= Richard G. Austin (weightlifter) =

American weightlifter (1931–2020)

Richard G. Austin (March 17, 1931 – March 18, 2020) was an American amateur weightlifter and powerlifter and a member of the Maine Sports Hall of Fame.

==Life and career==
Austin lived in the Virginia section of Rumford all his school age years with an exception of a year when he lived in Boston. Dick took up weight training at age 13 and has continued that training habit to this day.

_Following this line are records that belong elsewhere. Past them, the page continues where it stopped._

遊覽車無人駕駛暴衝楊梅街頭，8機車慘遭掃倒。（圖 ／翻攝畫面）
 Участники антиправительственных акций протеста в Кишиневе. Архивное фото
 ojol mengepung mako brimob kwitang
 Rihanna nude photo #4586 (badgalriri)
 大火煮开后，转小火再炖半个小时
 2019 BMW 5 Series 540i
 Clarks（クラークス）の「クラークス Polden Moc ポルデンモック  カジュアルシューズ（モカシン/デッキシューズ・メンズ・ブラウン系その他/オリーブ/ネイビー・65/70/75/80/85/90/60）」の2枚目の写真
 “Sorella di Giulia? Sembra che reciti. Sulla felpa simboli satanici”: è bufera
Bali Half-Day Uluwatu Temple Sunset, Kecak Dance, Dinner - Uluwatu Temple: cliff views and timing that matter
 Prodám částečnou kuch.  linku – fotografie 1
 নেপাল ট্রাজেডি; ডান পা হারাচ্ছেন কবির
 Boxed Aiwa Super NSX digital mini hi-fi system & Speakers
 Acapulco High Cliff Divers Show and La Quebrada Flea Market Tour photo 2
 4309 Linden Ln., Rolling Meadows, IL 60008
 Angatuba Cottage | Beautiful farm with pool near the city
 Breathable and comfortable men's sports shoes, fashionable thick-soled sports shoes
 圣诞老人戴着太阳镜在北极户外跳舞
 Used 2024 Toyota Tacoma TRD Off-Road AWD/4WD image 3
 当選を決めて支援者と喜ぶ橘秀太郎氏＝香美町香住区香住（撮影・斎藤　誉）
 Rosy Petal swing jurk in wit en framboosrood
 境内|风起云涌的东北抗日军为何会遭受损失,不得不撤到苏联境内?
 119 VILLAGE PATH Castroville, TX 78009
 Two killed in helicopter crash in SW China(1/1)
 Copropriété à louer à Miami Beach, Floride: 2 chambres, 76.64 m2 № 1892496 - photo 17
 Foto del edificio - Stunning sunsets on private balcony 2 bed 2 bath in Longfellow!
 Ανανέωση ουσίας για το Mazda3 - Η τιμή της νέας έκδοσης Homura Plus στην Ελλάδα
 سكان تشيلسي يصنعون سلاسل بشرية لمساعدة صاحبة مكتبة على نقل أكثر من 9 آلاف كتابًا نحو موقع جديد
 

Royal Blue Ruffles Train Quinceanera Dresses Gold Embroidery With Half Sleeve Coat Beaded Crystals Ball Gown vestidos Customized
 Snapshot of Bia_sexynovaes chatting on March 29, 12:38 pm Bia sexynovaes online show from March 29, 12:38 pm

In 1946 at the age of 17 he quit school and went to work for the Gulf Oil Co. in Chelsea, Massachusetts for one year. At age 20 he went to work for Oxford Paper Co., retiring in 1989. After working at Oxford for a few months he enlisted into the Army Airborne for 3 years. This was during the Korean War. He got into the 82nd Airborne Division and made 33 jumps in all. Jumping out of airplanes excited him; he says it was an enjoyable experience to say the least. From 4-6-51 to 4-6-54 and army life wasn’t for him. Food was lousy! He finished his schooling when he first got in and got his GED Equivalency Diploma. After an honorable discharge he returned home and went back to work in one month. In 1955 he married Annette Salatino, who died 12-14-05. They have 5 children and 12 grandchildren. It 1958 he broke all the existing two and one arm weight lifting records in Maine. Regular training took place until Mike Roy talked him into power-lifting competition. By 1980 he won his first world title and has continued on ever since, never once being defeated. He says, I wonder what it’s like to come in second? In his mind, that’s the first loser. He has a half dozen world and half dozen national titles and many of his records still exist. In fact, Sunday, April 5 he broke 2 world records but there wasn’t any listed. At 78 he finds it quite lonely in finding competition at his age. In 1998 a huge party at the Legion hosted by his sister- in-law, Lucy Day was given for him. It turned out to be a huge roast from all his close friends. From there he traveled to Austria with son Dicky and won a world title in which 16 countries competed.

Jerry Perkins had some of his wrestlers train with him to develop added strength. Several hundred kids trained at his gym to improve their sports skills and some returned to train there during and after college. Advice on training is free and he shares his knowledge with anyone willing to listen. For 38 years Alan Cayer has been lifting with Dick and won 3 World Titles in the Power-Lifting World.

In 1999 Dick was inducted into the Maine Sports Hall of Fame. Prior to his death, he was on the board of directors and also on the Honors and Selection Committee, whose job is to select potential incoming inductees.